**WHAT THE TASK ASKS**
Excluding pictures, transcribe precisely the lines from the one containing "Bán nhà đất" to the final line of the listing below, inclusive, and nothing more.

**LISTED RECORDS**
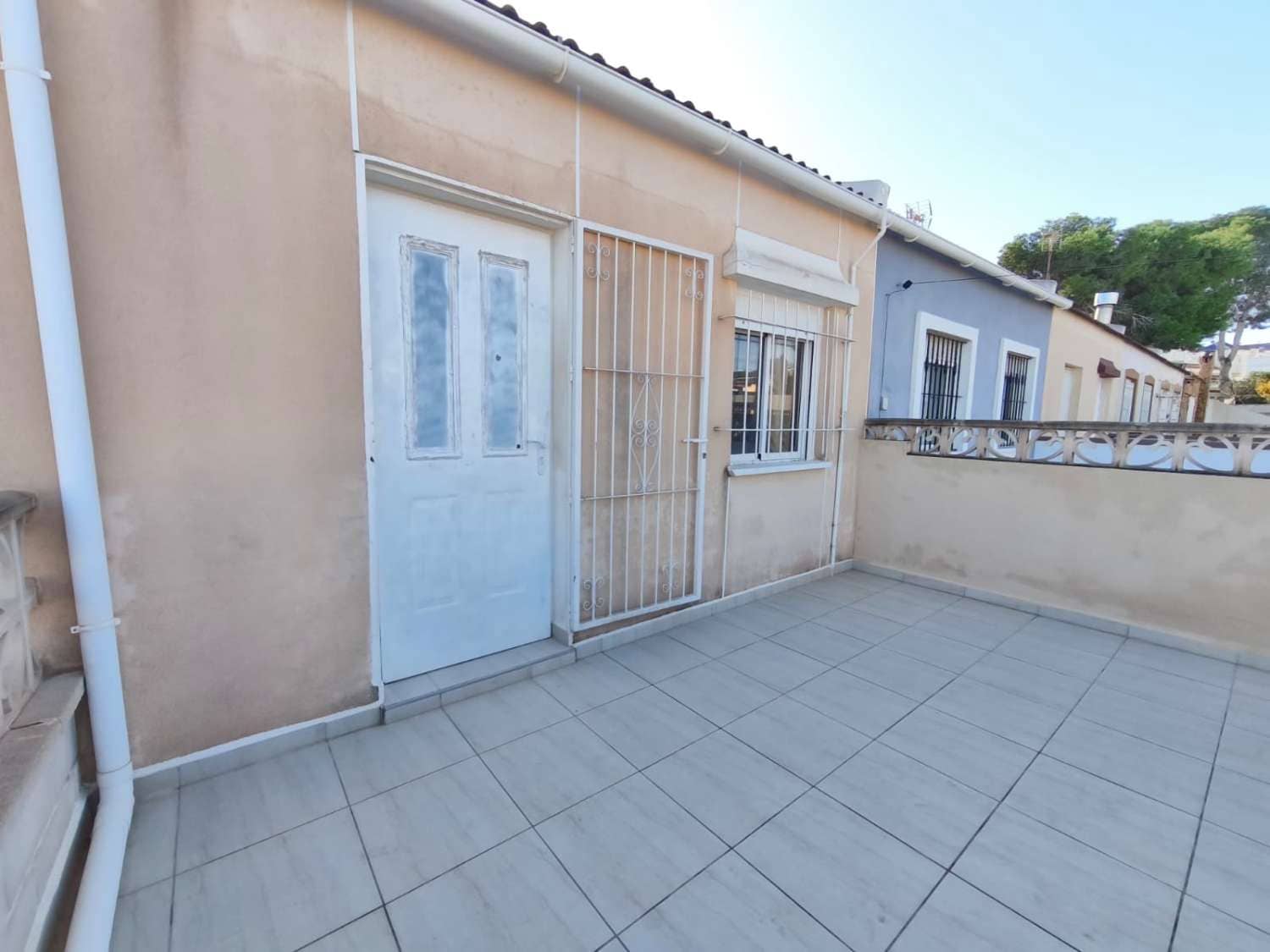 3 makuuhuone Bungalow myytävänä paikassa Torrevieja mukana 
autotalli - 169 999 € (Ref: 9481888)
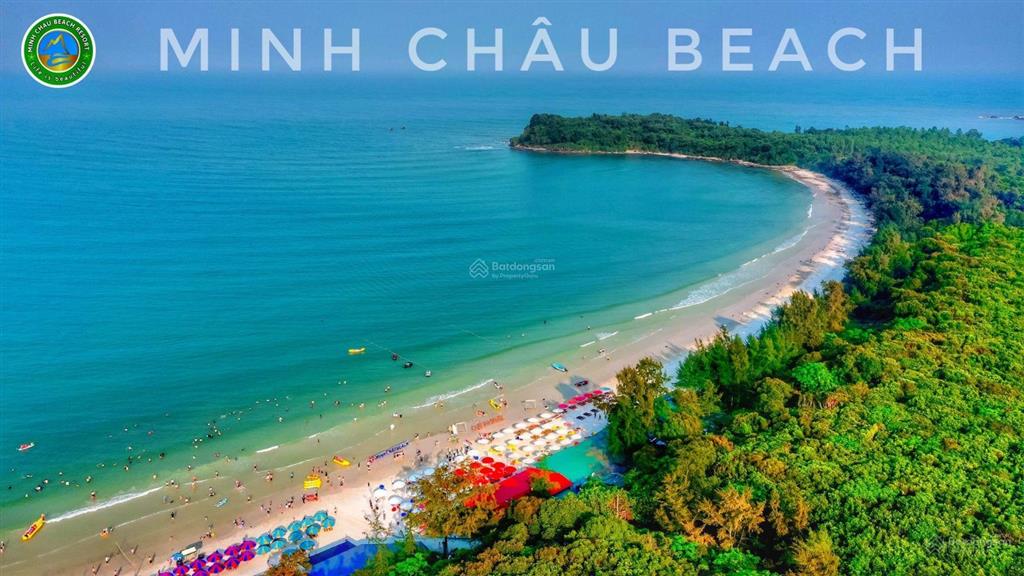 Bán nhà đất vàng ngay ngã 3 phố đi bộ minh châu  cách bãi tắm minh châu 100m cực đẹp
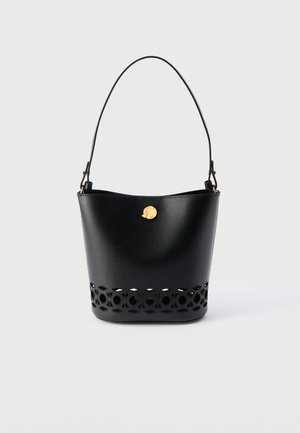 Črna usnjena torbica vedro z enim trakom, zlatim okroglim zaponko in okrasnim vzorcem z izrezom vzdolž spodnje robu.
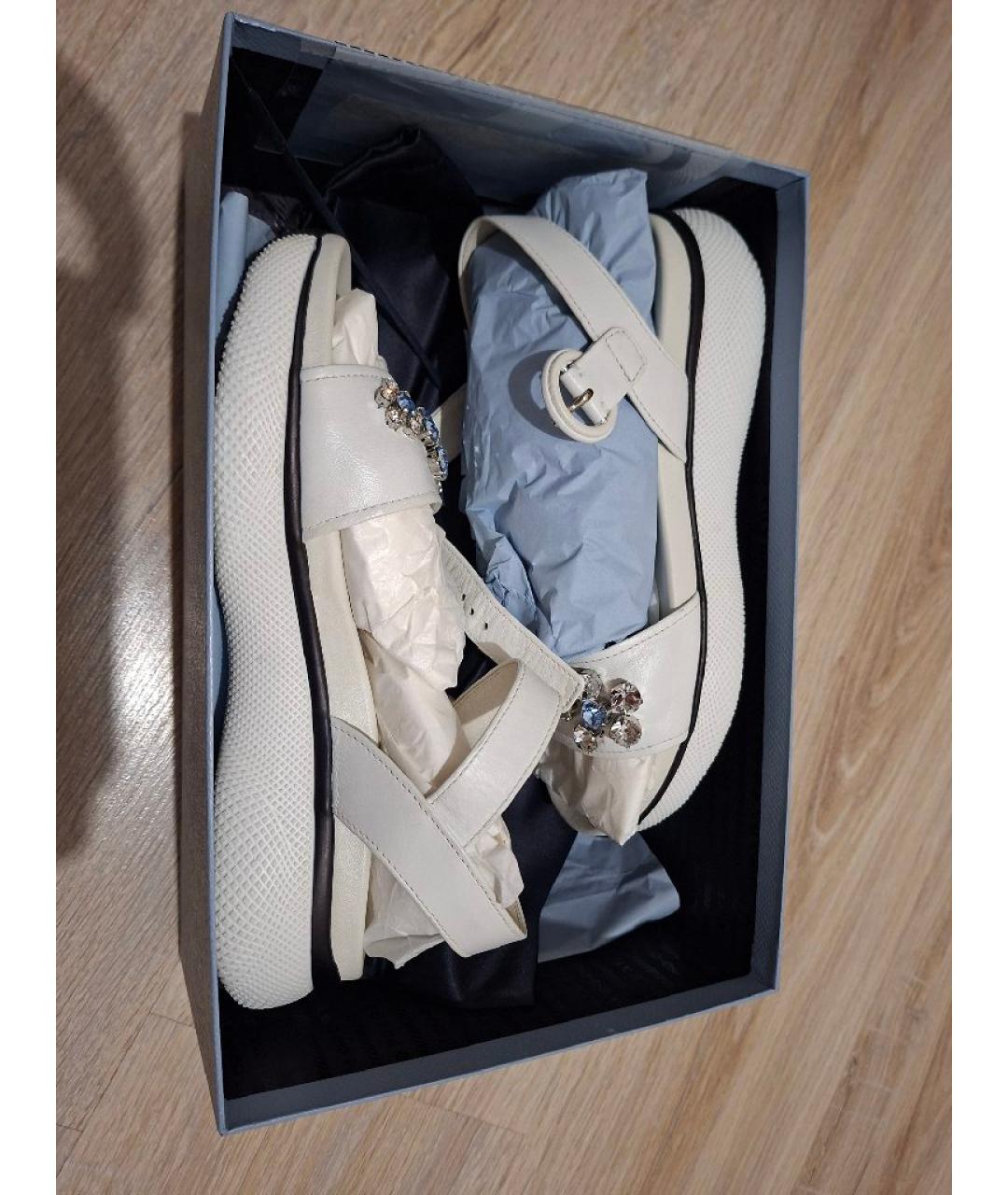 PRADA Белые кожаные босоножки, фото 5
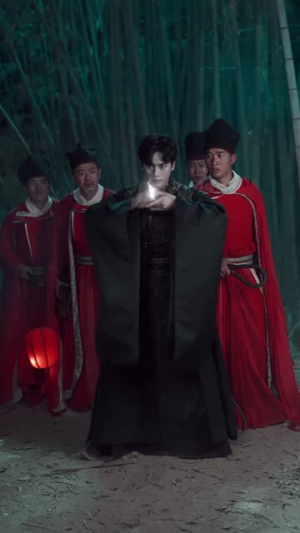 邪物典当铺:五行邪物录(63集) 邪物典当铺:五行邪物录(63集)精彩好看的短剧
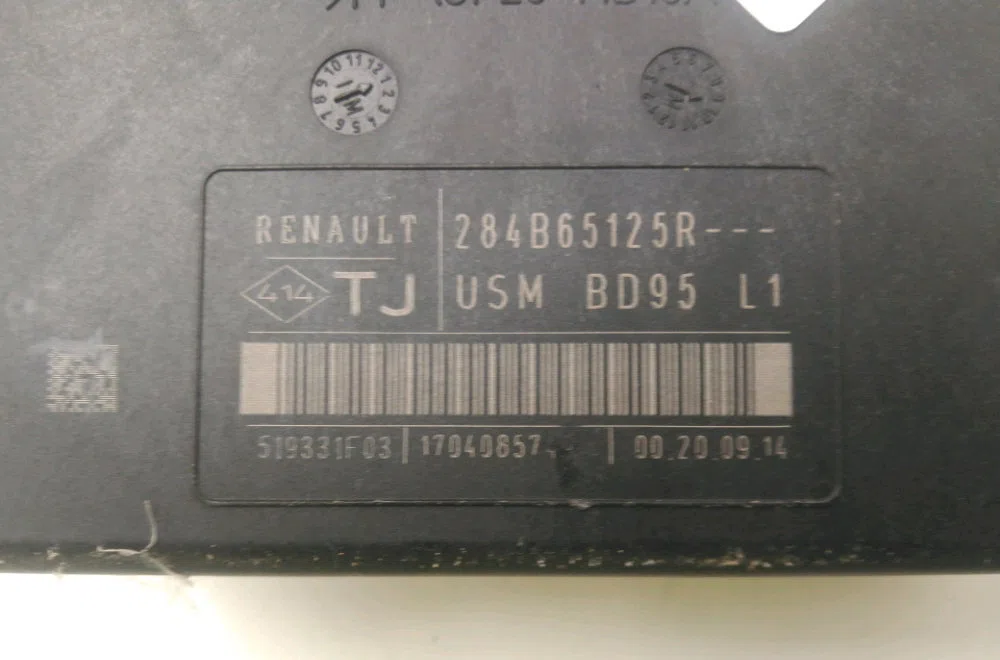 Bsm (boitier servitude moteur) Renault MEGANE III 3-5 portes (BZ0-1_, B3_) 1.5 dci (bz1g, bz1w, bz0r) (2013-2015) 5 portes occasion — photo 3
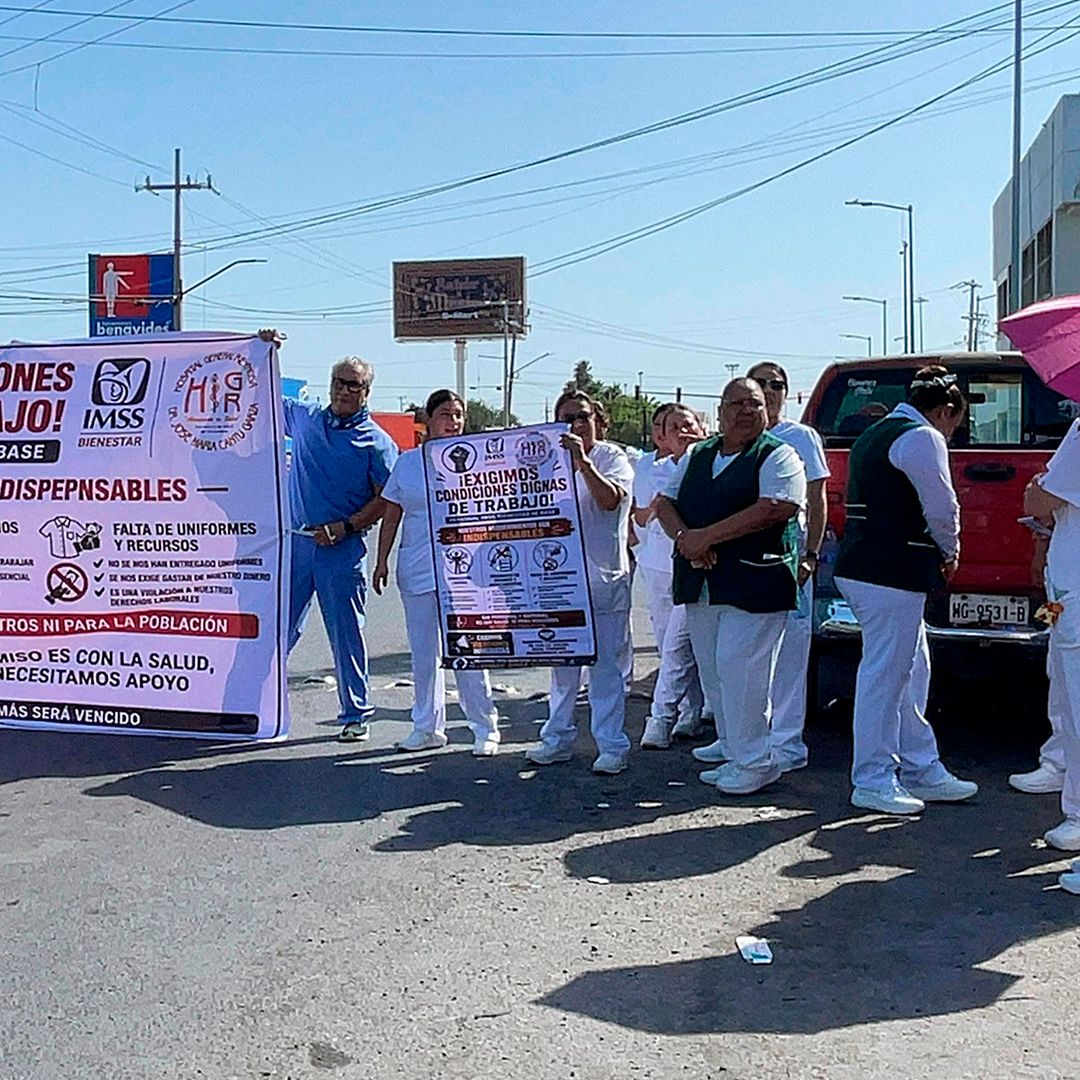 Protesta Personal del Hospital General de Reynosa y Bloquean Avenida Álvaro Obregón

**EXERCISE SOLUTION**
 Bán nhà đất vàng ngay ngã 3 phố đi bộ minh châu  cách bãi tắm minh châu 100m cực đẹp
 Črna usnjena torbica vedro z enim trakom, zlatim okroglim zaponko in okrasnim vzorcem z izrezom vzdolž spodnje robu.
 PRADA Белые кожаные босоножки, фото 5
 邪物典当铺:五行邪物录(63集) 邪物典当铺:五行邪物录(63集)精彩好看的短剧
 Bsm (boitier servitude moteur) Renault MEGANE III 3-5 portes (BZ0-1_, B3_) 1.5 dci (bz1g, bz1w, bz0r) (2013-2015) 5 portes occasion — photo 3
 Protesta Personal del Hospital General de Reynosa y Bloquean Avenida Álvaro Obregón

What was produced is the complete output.